Design Structure Matrix Methods and Applications

(for Systems Architecting, Organization Design, Process Analysis, and Project Management)

 

Interactive tutorial with industry examples, exercises, and discussion

 

Figures Copyright 2012 MIT Press

Description

Products, processes, and organizations are complex systems, challenging to plan and manage.  Fortunately, an advantageous method is coming into mainstream practice for representing and analyzing complex system architectures.  This method, the design structure matrix (DSM), is helping researchers and practitioners plan and manage product architectures, organizational structures, and process flows.

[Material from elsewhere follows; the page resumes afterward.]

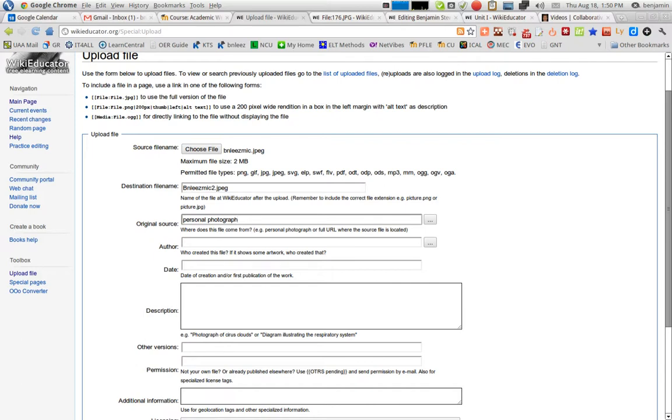But do remember that you need to respect copyrights, and so you are not able to upload any files unless they are under what's called a Creative Commons license. So, special permission if required, and the licensing.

Akin to a traditional N2 diagram and the System2 matrix (SV-3) in the DoD Architecture Framework, the DSM is a square matrix that documents dependencies between system components.  These components can be product parts, teams, processes, activities, or other things.  By doing some simple analysis, one can prescribe a modular system architecture or organization structure.  Adding a time-basis enables one to prescribe a faster, lower-risk process.  Because the DSM highlights process feedbacks, it helps identify iteration and rework loops—key drivers of cost and schedule risk.  The DSM can also show how delays in external inputs, such as requirements and equipment, trace directly to increased cost, schedule, and risk.

The DSM is concise and visually appealing and is in use in a number of industries, companies, and agencies.  (It is also known as the dependency structure matrix and the dependency source matrix.)  People have found the tool extremely useful for fostering architectural and organizational innovation, and for enabling the situation awareness and empowerment of people executing complex processes.

This tutorial introduces the DSM and four distinctive applications useful to product developers, project planners, project managers, systems engineers, and organizational designers.  Real-life examples are presented.  Participants will take away a clear understanding of why dependencies and interfaces are important and how to manage them.  Participants will leave with a course notebook of descriptive materials and access to free tools that can be applied immediately to projects.

The tutorial contains no proprietary information and does not attempt to sell any commercial tools or services.  Public domain and company-approved examples are used.  Some commercial tools are mentioned but none are specifically recommended.  Versions and portions of the tutorial have been given at MIT, Lockheed Martin, Boeing, Management Roundtable conference, Project Management Institute chapter meetings, International Council on Systems Engineering (INCOSE) symposia and chapter meetings, and other conferences and workshops.  The tutorial is designed to give participants real insight, understanding, and methods to take back with them to their jobs.  The methods can be applied immediately for quick results and added value.